■ **TASK INSTRUCTIONS**:
Without the pictures, write out all the lines below exactly as they appear.

■ **INFORMATION SUPPLIED**:

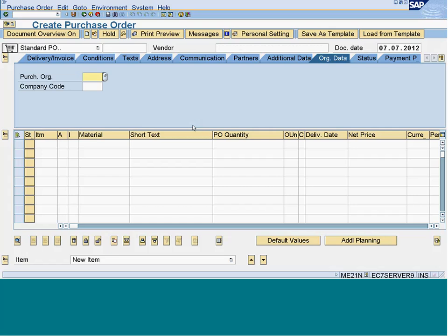In this example, let us try to post to a purchase order - purchase order type K, which is an account-assigned purchase order. We can see how it is posting to the cost centers.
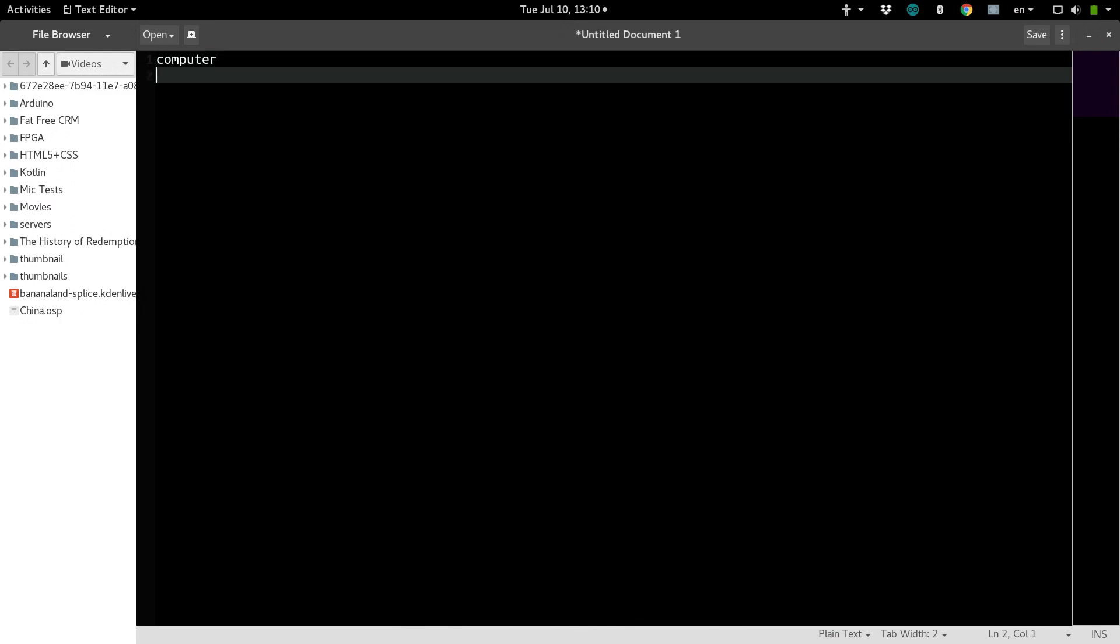Two, you need to have a web server software, which we're going to be using something called Apache, which is probably the most common software to use.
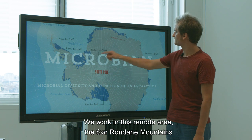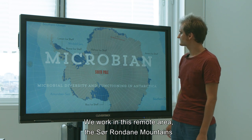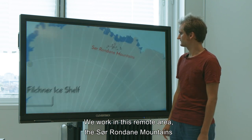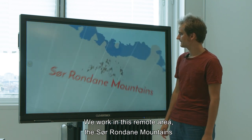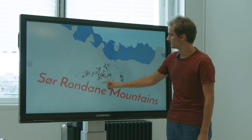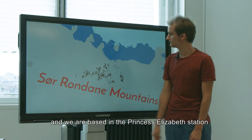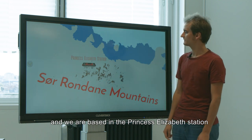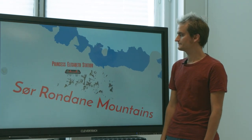We work in this remote area, the Sor Ondane Mountains, and we are based in the Princess Elisabeth Station.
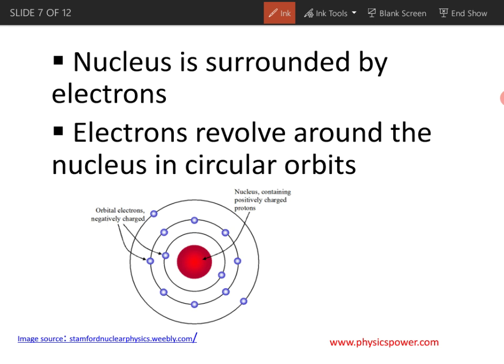The electrons are not stationary — they rotate around the nucleus. When an electron rotates, a centrifugal force acts outward. At the same time, the nucleus continuously attracts the electron — that is the centripetal force acting toward the center. The centrifugal force acts away from the center and the attractive force acts toward the center. These two forces are equal and opposite, they cancel out, and so the electron continuously revolves in a circular orbit.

■ **OUTPUT FOR THIS EXERCISE**:
In this example, let us try to post to a purchase order - purchase order type K, which is an account-assigned purchase order. We can see how it is posting to the cost centers.
Two, you need to have a web server software, which we're going to be using something called Apache, which is probably the most common software to use.
We work in this remote area, the Sor Ondane Mountains, and we are based in the Princess Elisabeth Station.
The electrons are not stationary — they rotate around the nucleus. When an electron rotates, a centrifugal force acts outward. At the same time, the nucleus continuously attracts the electron — that is the centripetal force acting toward the center. The centrifugal force acts away from the center and the attractive force acts toward the center. These two forces are equal and opposite, they cancel out, and so the electron continuously revolves in a circular orbit.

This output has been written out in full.